Our show today is all about the technology that makes this app–and this podcast–possible: the Internet! Justine Sherry, a computer scientist at Carnegie Mellon University, takes us through what the Internet is and why we use it for so many things.
Guest bio: Justine Sherry
Justine Sherry is an assistant professor at Carnegie Mellon University. Her interests are in computer networking; her work includes middleboxes, networked systems, measurement, cloud computing, and congestion control. Dr. Sherry received her PhD (2016) and MS (2012) from UC Berkeley, and her BS and BA (2010) from the University of Washington. She is a recipient of the SIGCOMM doctoral dissertation award, the David J. Sakrison prize, paper awards at USENIX NSDI and ACM SIGCOMM, and an NSF Graduate Research Fellowship.
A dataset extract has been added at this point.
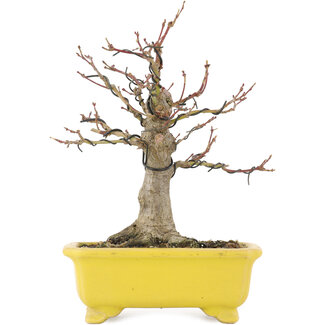 Shozan Acer palmatum, 19,5 cm, ± 10 jaar oud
Most importantly, she is always on the lookout for a great cappuccino.
ABBY: Hello and welcome to today’s edition of Name That Sound! Our first contestant is… Maggie! So Maggie, are you ready for your sound?
MAGGIE: Uh, yeah, I think so.
[noise of modem]
ABBY: All right, Maggie, name that sound!
MAGGIE: A computer?
ABBY: What’s it doing?
MAGGIE: Going crazy?
ABBY: [laughing maniacally]
ABBY: That, my dear, that is the sound of the Internet of my childhood. It’s called a modem.
MAGGIE: What’s a modem?
ABBY: Well, we’ll get to that. When I was a child, 30ish years ago, (this is what a modem is) in order to connect to the Internet, you basically had to call in to the Internet, like pick up the phone and say “Hello internet, I would like to use you now,” using a real telephone line.
MAGGIE: That’s weird.
ABBY: And that’s the sound of the Internet connecting to your home computer via the phone line. So you weren’t just connected to the Internet all the time with wifi or cellular data or things like that. You had to actually, like, use the phone line.
MAGGIE: Hmm. Sounds annoying.
ABBY: It definitely had its annoying moments, for sure. And we used the Internet in a lot different ways back in the dark ages of the Internet. So yeah, definitely I think the Internet is better today. But the Internet is the topic for today’s episode of
MAGGIE and ABBY: Big If True!
MAGGIE: Where I, Maggie,
ABBY: And I, Abby,
Maggie: investigate the truth about big things.
MAGGIE: So here’s our quiz question for today.
ABBY: Which one of these is NOT a search engine that people have used to look for things on the Internet?
MAGGIE: A. Little River, B. Alta Vista, C. Google, or D. Lycos.
ABBY: We’ll tell you the answer near the end of the show!
ABBY: The Internet is on people’s minds a lot these days. At least here in the United States, millions of kids, including you, are using the Internet every day for school, millions of parents and teachers are working from home using Zoom or Skype or Google Meet,
MAGGIE: like me!
ABBY: Like you, and a lot of our government, social, and commercial things happen through the Internet. So have you ever wondered, what IS the Internet?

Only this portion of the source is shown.